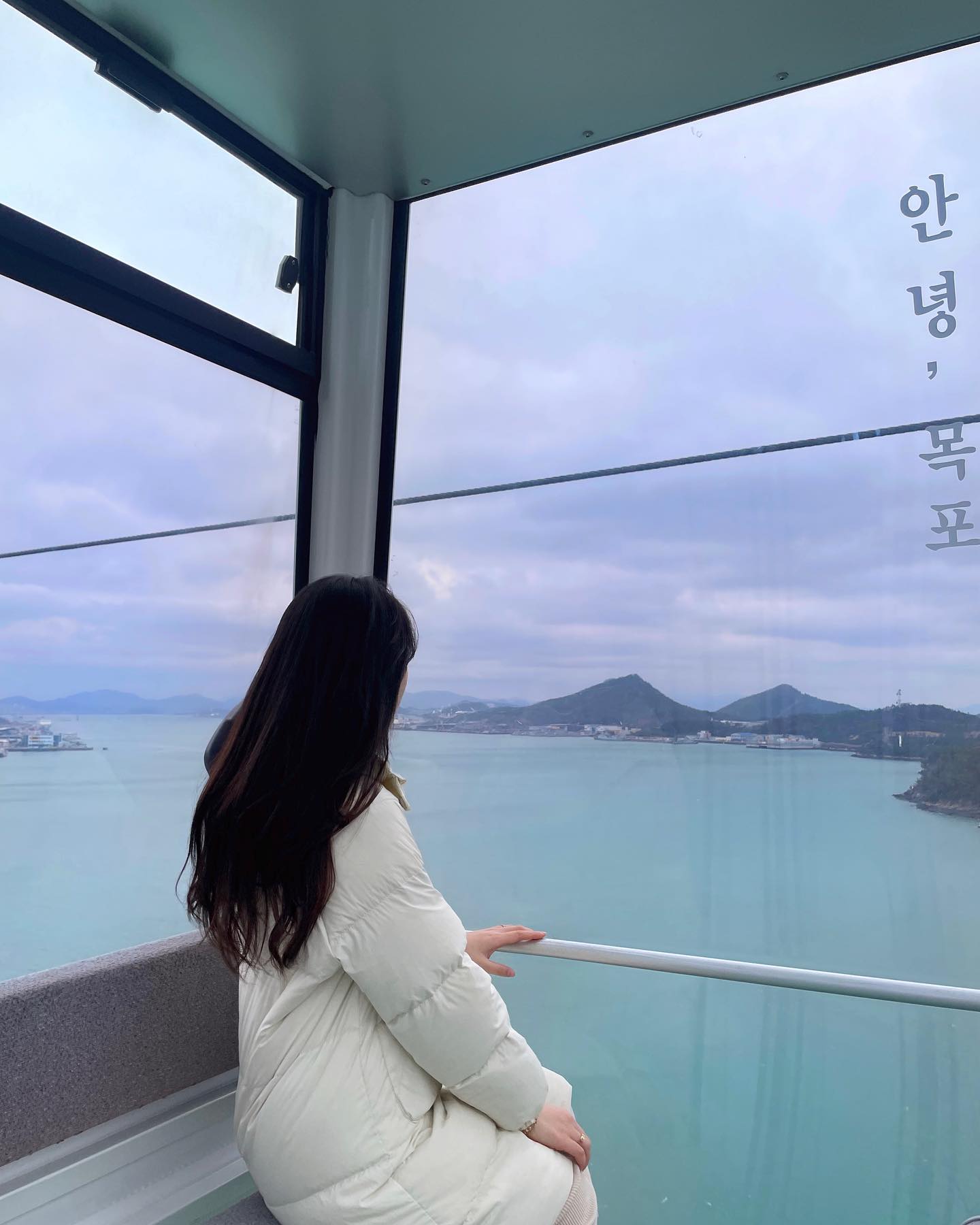 ♥ 24.01.20 - 21 ♥
완벽J 슬기랑 나름 철저한(?) 계획을
세워서 갔는데 (심지어 밤 새고)
첫 날에 비와서 머리 다 젖고
밤에는 잠옷차림으로 편의점 뛰어가서
자신감 가득 술 사와놓고 그대로 남김ㅎㅎ;;
케이블카 탔다가 저승사자랑
하이파이브하고 온 우당탕탕 목포.. +먹구름 ㅠㅠ☁️
귀여운 강아지 고양이들도 보고
맛있는 고기도 먹었다아 🐶🐱

#목포여행 #다리절단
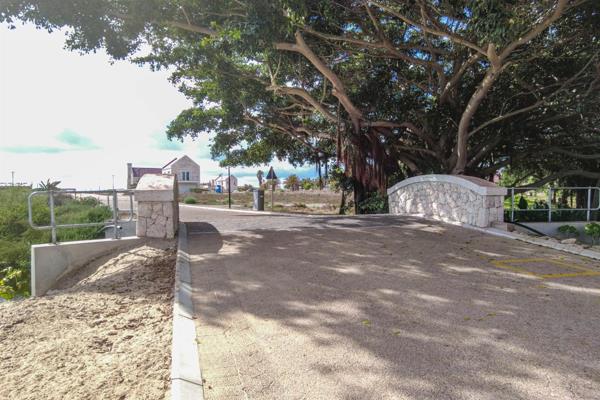 354 m² Land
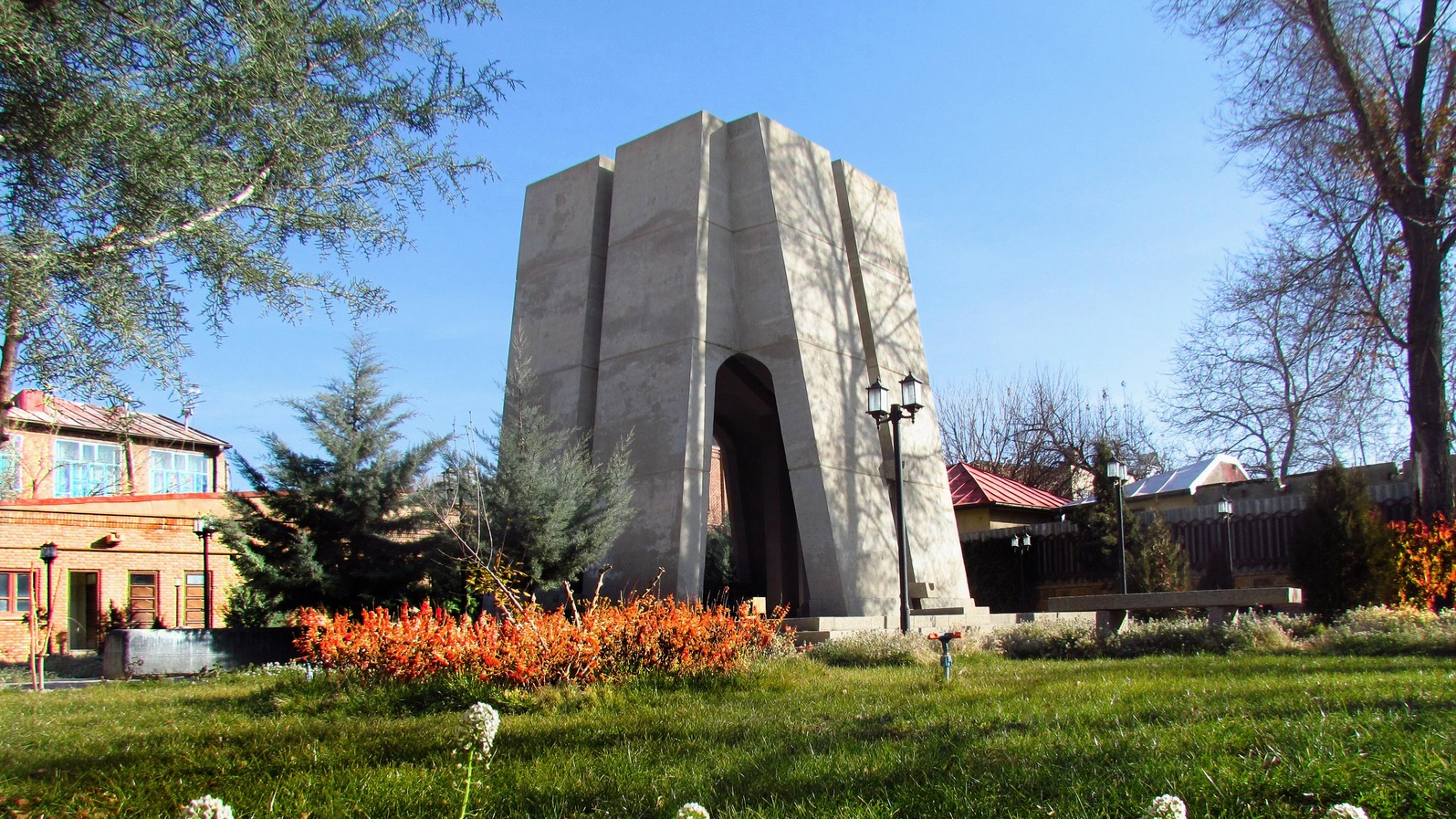 Awhadi Maraghei’s Tomb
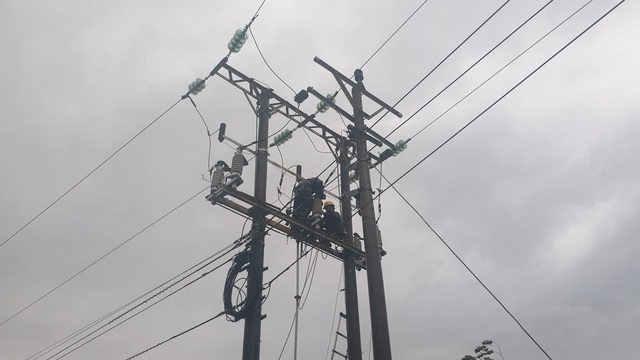 EVNCPC khẩn trương khôi phục lưới điện sau bão số 13 - Ảnh 1.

━━━━━━━━━━━━━━━━━━━━━━━━━━━━━━

Directions: Leaving out every picture, transcribe exactly the lines from the line that contains "밤에는 잠옷차림으로 편의점 뛰어가서" through the final line of the entries above.

Task response:
밤에는 잠옷차림으로 편의점 뛰어가서
자신감 가득 술 사와놓고 그대로 남김ㅎㅎ;;
케이블카 탔다가 저승사자랑
하이파이브하고 온 우당탕탕 목포.. +먹구름 ㅠㅠ☁️
귀여운 강아지 고양이들도 보고
맛있는 고기도 먹었다아 🐶🐱

#목포여행 #다리절단
 354 m² Land
 Awhadi Maraghei’s Tomb
 EVNCPC khẩn trương khôi phục lưới điện sau bão số 13 - Ảnh 1.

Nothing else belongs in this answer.